Other details that need to be given while starting out with the project can be provided in this section. A project structure like below can also be included for the big projects:

	end-to-end ML project
    │   .gitignore
    │   app.py
    │   Procfile
    │   README.md
    │   requirements.txt
    │   runtime.txt
    │   setup.py
    │   wsgi.py
    │
    ├───artifacts
    │       data.csv
    │       model.pkl
    │       preprocessor.pkl
    │       raw.csv
    │       test.csv
    │       train.csv
    ├───data
    │       data.csv
    │
    ├───experiment_notebook
    │   │   experiment.ipynb
    │   │   model_trainig.ipynb
    │   │
    │   └───catboost_info
    ├───logs
    │   ├───01_09_2024_13_22_57.log
    │   
    ├───mlproject.egg-info
    │       dependency_links.txt
    │       PKG-INFO
    │       requires.txt
    │       SOURCES.txt
    │       top_level.txt
    │
    ├───src
    │   │   exception.py
    │   │   logger.py
    │   │   utils.py
    │   │   __init__.py
    │   │
    │   ├───components
    │   │   │   data_ingestion.py
    │   │   │   data_transformation.py
    │   │   │   model_trainer.py
    │   │   │   __init__.py
    │   │
    │   ├───pipeline
    │   │   │   predict_pipeline.py
    │   │   │   train_pipline.py
    │   │   │   __init__.py
    │   │   
    ├───static
    │       image.png
    │
    └───templates
            index.html
            predict.html

Tools Required

All tools required go here. You would require the following tools to develop and run the project:

  • A text editor or an IDE (like VsCode)
  • Github Account [For Code Upload]
  • koyeb.com || Account [For Web Hosting]
  • Anaconda or Python [ For Create Virtual Environment ]

Installation

All installation steps go here.

  • Installing an Anaconda via a .exe file [Set the environment Path ](by Default it is done when installed)
    • Create a project folder
    • Open CMD and RUN -->conda activate
    • RUN conda create -name myenv python=3.9 -y
    • RUN conda activate myenv Inside the myenv you install all libraries to run the project after this you simply [clone the GitHub repository and Run requireiment.txt]
    • Run on the same Folder where your project requirements.txt file available
    • Like --> [(myenv) S:\new\final_project\ml_end_to_end_project>] this is my cmd path
    • Run python install -r requirements.txt

Development

This section gives some insight basic overview of Development.

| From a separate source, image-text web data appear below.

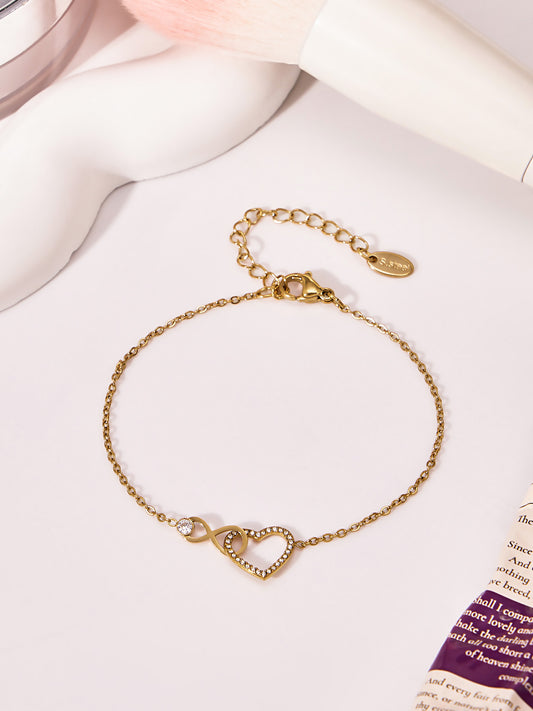 Pulsera de acero inoxidable con circonitas Glowing Affection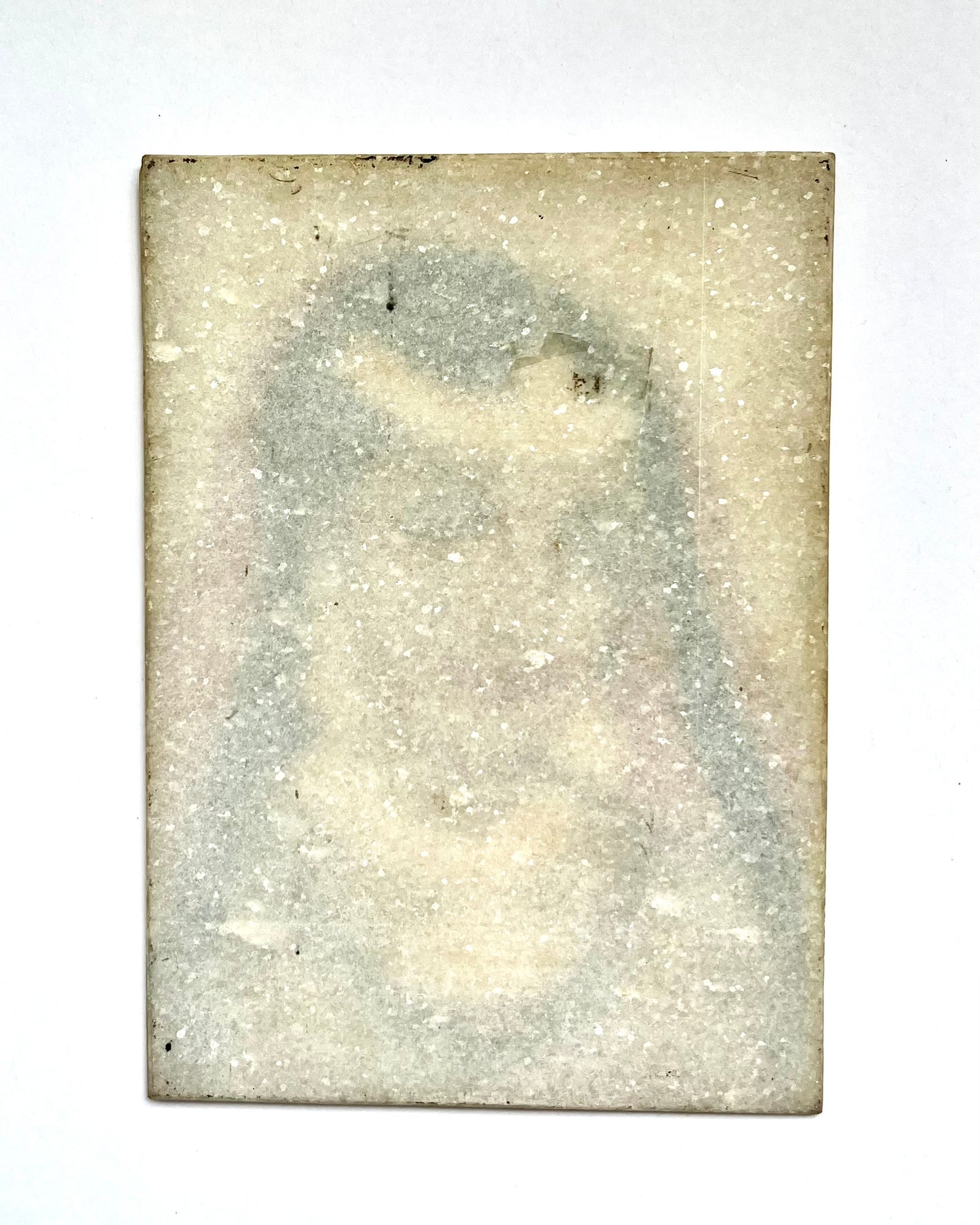 Retrato vintage de una maharani pintado a mano en estilo mogol indio sobre piedra y mármol.
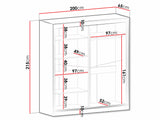 Wardrobe Toledo L100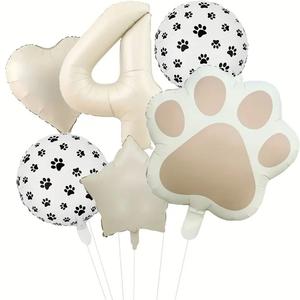 Ensemble de 8 ballons en aluminium en forme de pattes d'animaux, adaptés à la décoration de ballons lors des fêtes d'anniversaire de chats et de chiens - Product Image 6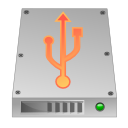 hard disk, Usb, hard drive, unmount, Hdd Silver icon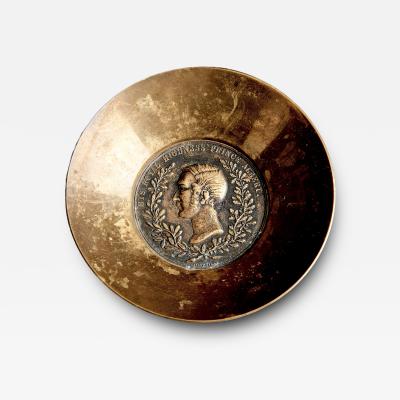  Werkst tte Carl Aub ck Brass bowl with medallion by Werkst tte Carl Aub ck
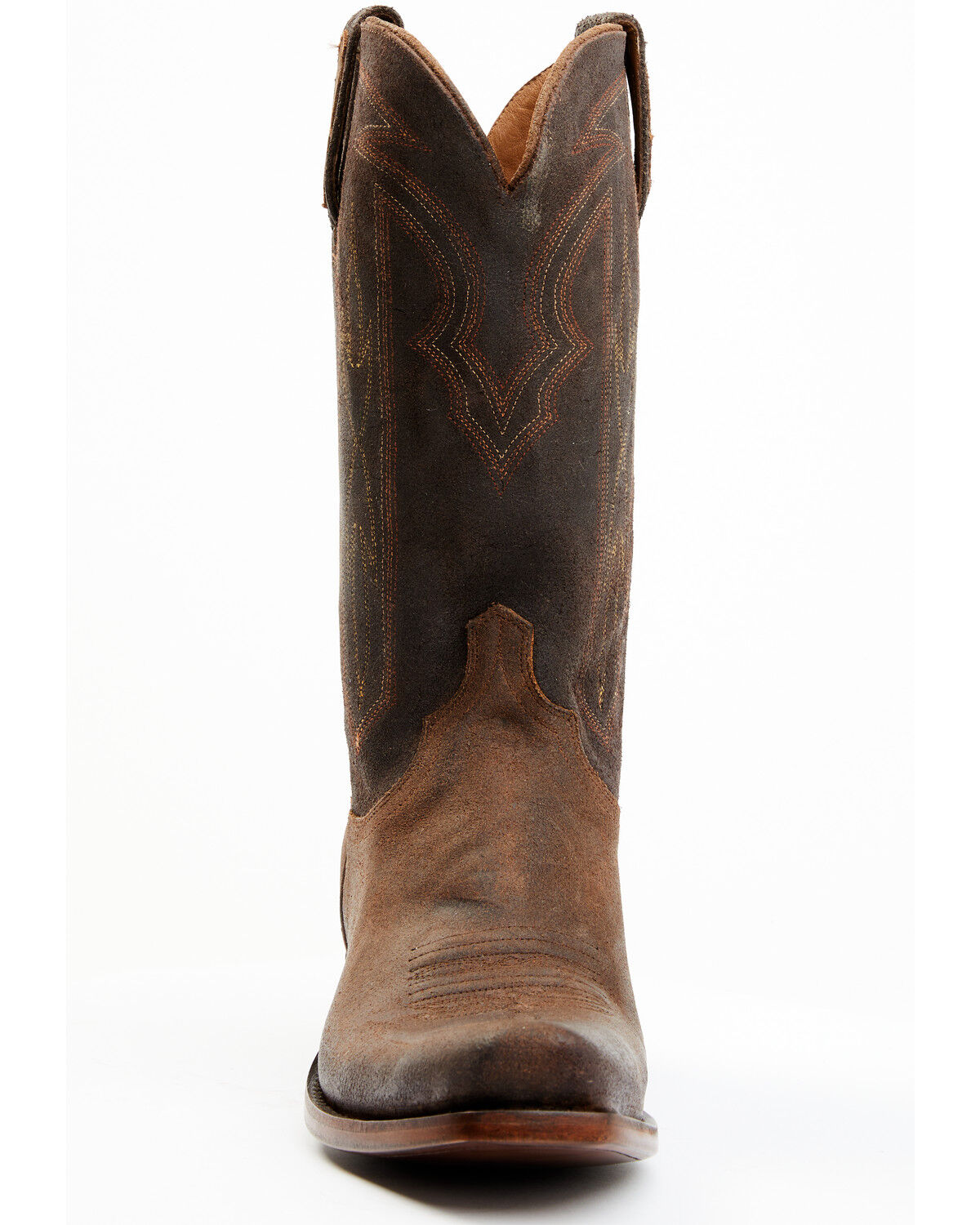 Image #4 - Lucchese Men's Brazos Western Boots - Square Toe, Brown, hi-res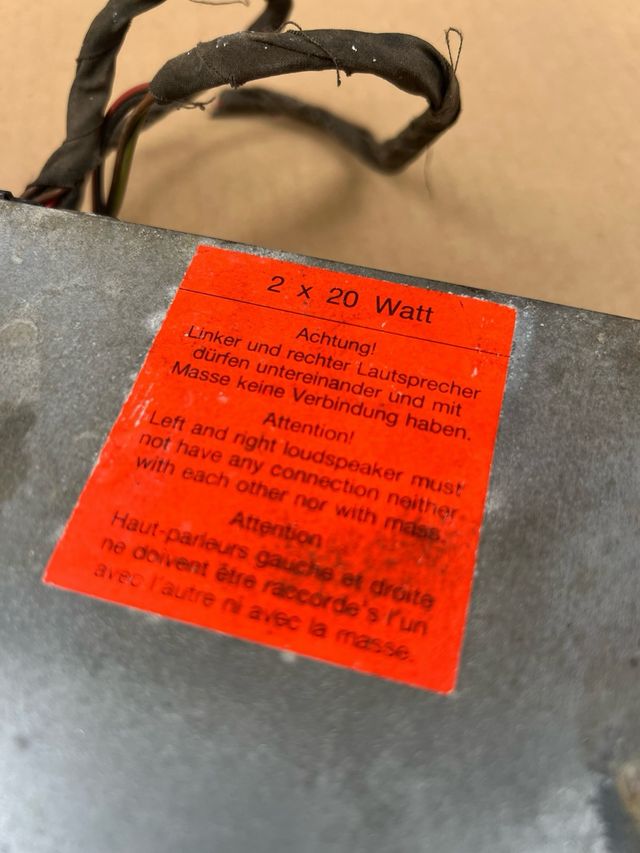 Radio Becker Avus Mercedes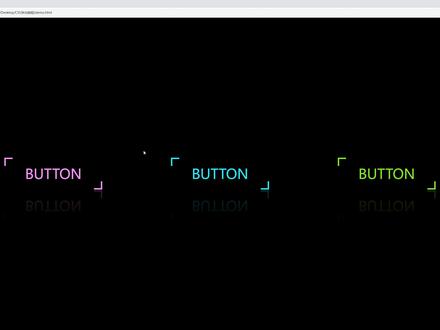 非常好看的鼠标悬停发光按钮~#网页设计 #前端 #web前端 #html #知识领航者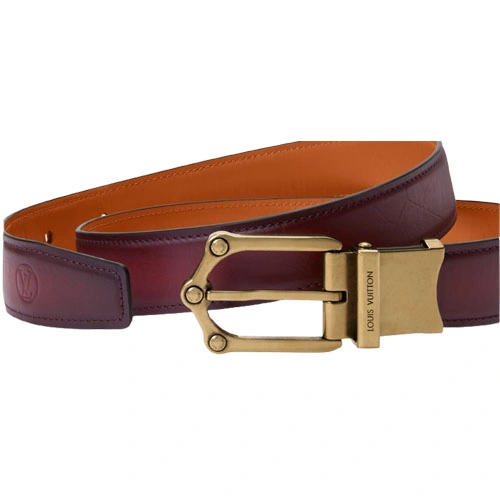 M4647T NEW Frog Patinated 30mm Reversible Belt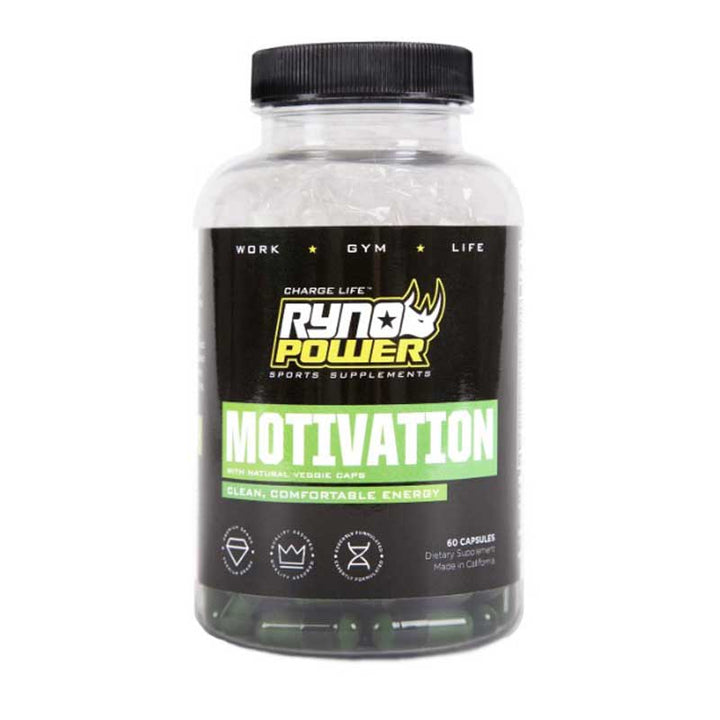 Ryno Power Motivation Capsules, 60ct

Life cycle of Machine Learning Project

Do EDA Task --> In Experiment.ipynb

  • Understanding the Problem Statement
  • Data Collection
  • Data Checks to perform
  • Exploratory data analysis
  • Data Pre-Processing
  • Model Training
  • Choose the best model

1) Problem statement

  • This project understands how the student's performance (test scores) is affected by other variables such as Gender, Ethnicity, Parental level of education, Lunch and Test preparation course.

2) Data Collection

2.1 Import Data and Required Packages

Importing Pandas, Numpy, Matplotlib, Seaborn, and Warnings Library.

  • data =pd.read_csv()
  • df.shape

2.2 Dataset information

  • gender : sex of students -> (Male/female)
  • race/ethnicity : ethnicity of students -> (Group A, B,C, D,E)
  • parental level of education : parents' final education ->(bachelor's degree,some college,master's degree,associate's degree,high school)
  • lunch : having lunch before test (standard or free/reduced)
  • test preparation course : complete or not complete before test
  • math score
  • reading score
  • writing score

3. Data Checks to perform

  • Check Missing values

  • Check Duplicates

  • Check data type

  • Check the number of unique values in each column

  • Check statistics of the data set

  • Check various categories present in the different categorical column

  • Basic info

    • [df.shape, df.isnull().sum(), df.duplicated().sum(), df.dtypes, df.info(), df.columns, ]
    • [checking the count of the number of the unique values of each column --> df.nunique()]
    • [check stats of data -->df.describe()]
    • checking the get unique value of each column --> df.unique()
  • 4. Exploring Data ( Visualization )

    • Matplotlib and Seaborn[Histogram, Kernel Distribution Function (KDE), pie, bar, Boxplot(check outliers), pairplot]
    • Multivariate analysis using pieplot
    • Feature Wise Visualization
    • UNIVARIATE ANALYSIS
    • BIVARIATE ANALYSIS
  • 5. MODELING

    • Importing Sklearn, Pandas, Numpy, Matplotlib, Seaborn etc.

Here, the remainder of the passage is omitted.